GB: dernier tour de rotatives pour le quotidien The Independent

GB: dernier tour de rotatives pour le quotidien The Independent

Le quotidien britannique The Independent, dont les ventes sont en chute libre depuis quelques années, paraît samedi pour la dernière fois en version papier, misant sur le 100% numérique pour affronter la crise de la presse.

Pour cette ultime Une, le quotidien a choisi une sobre page blanche avec, en son centre, écrit en rouge, « Stop Press » au-dessus des dates de naissance et de mort de cette version papier: 1986-2016.

Cette première page laisse ensuite place à une Une traditionnelle qui traite de l’opération anti-terroriste à Bruxelles. Elle révèle aussi une information exclusive sur des poursuites judiciaires en cours contre un dissident saoudien résident au Royaume-Uni poursuivi pour sa participation supposée à un complot déjoué, orchestré par les autorités libyennes, en vue de tuer l’ancien roi saoudien Abdallah.

Après avoir envoyé pour la dernière fois vendredi soir leur journal à l’impression, des employés du quotidien ont posté des images sur les réseaux sociaux montrant les équipes en train de tambouriner sur les tables, une tradition pour saluer le départ d’un collègue.

Dans son dernier éditorial, The Independent affirme qu’on se souviendra de sa « transition audacieuse » vers le 100% numérique comme d’un « exemple à suivre pour d’autres journaux dans le monde ».

« Aujourd’hui, les rotatives se sont arrêtées, l’encre est sèche et bientôt le papier ne se froissera plus », poursuit-il. « Mais tandis qu’un chapitre se referme, un autre s’ouvre, et l’esprit de The Independent continuera de s’épanouir ».

Le propriétaire du journal, le Britannique d’origine russe Evgeny Lebedev, qui avait annoncé le mois dernier la fin de l’édition papier du quotidien, écrivait alors que le journalisme s’était « complètement transformé » et que The Independent devait « se transformer lui aussi ».

Né en octobre 1986, il est le quotidien national le moins distribué au Royaume-Uni, loin derrière des tabloïds comme le Sun ou le Daily Mail et des généralistes comme The Times, The Guardian ou The Daily Telegraph.

A son apogée, en 1989, le quotidien de centre gauche, célèbre pour ses unes engagées et la place importante accordée à la photo, écoulait plus de 420.000 exemplaires par jour quand il n’arrive plus à en vendre que 40.000 aujourd’hui.

Modèle économique à l’épreuve

En 2003, The Independent avait mené une campagne acharnée contre l’intervention militaire britannique aux côtés des Etats-Unis en Irak, tout comme le quotidien de centre gauche The Guardian.

Dans un éditorial, ce dernier rend hommage à un « journal vraiment exceptionnel » qui a souffert des profonds changements qu’a connu le marché de la publicité ces dernières années avec un déplacement des revenus vers des sites internet comme Facebook.

« De grands journaux vieux de plusieurs siècles voient leur modèle économique mis à l’épreuve comme jamais auparavant.

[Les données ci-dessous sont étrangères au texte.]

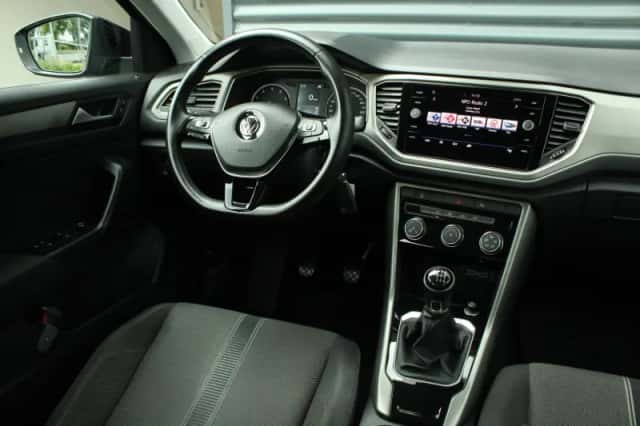 Volkswagen T-Roc (2020) thumbnail 36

Alors personne ne se réjouira de la fin de l’édition papier de The Independent », déplore The Guardian.

Le dernier numéro papier de The Independent est accompagné de quatre suppléments retraçant l’histoire du journal, premier quotidien national à disparaître des kiosques en Grande-Bretagne depuis Today en 1995.

L’hebdomadaire News of the World, du magnat australo-américain Rupert Murdoch, avait fermé boutique en 2011 après un scandale lié à des écoutes téléphoniques, avant d’être remplacé par le Sun on Sunday, propriété du même groupe.

Le groupe propriétaire de The Independent, ESI Media, qui possède également le quotidien gratuit The Evening Standard, va par ailleurs vendre « i », une version allégée de The Independent lancée en 2010, au groupe Johnston Press.

La vente devrait rapporter environ 25 millions de livres (32 millions d’euros), selon les médias britanniques, une somme qui sera investie dans le site internet. Mais ESI Media a prévenu qu’il y aurait des licenciements. Environ 150 personnes travaillent pour The Independent.

Son site internet, qui attire près de 70 millions de visiteurs uniques par mois, est déjà rentable et table sur une progression de ses recettes de l’ordre de 50% cette année.

ESI a également annoncé le mois dernier la mise en place d’une application pour mobiles par abonnement et l’ouverture de nouveaux bureaux en Europe, au Moyen-Orient et en Asie, ainsi qu’un développement aux Etats-Unis.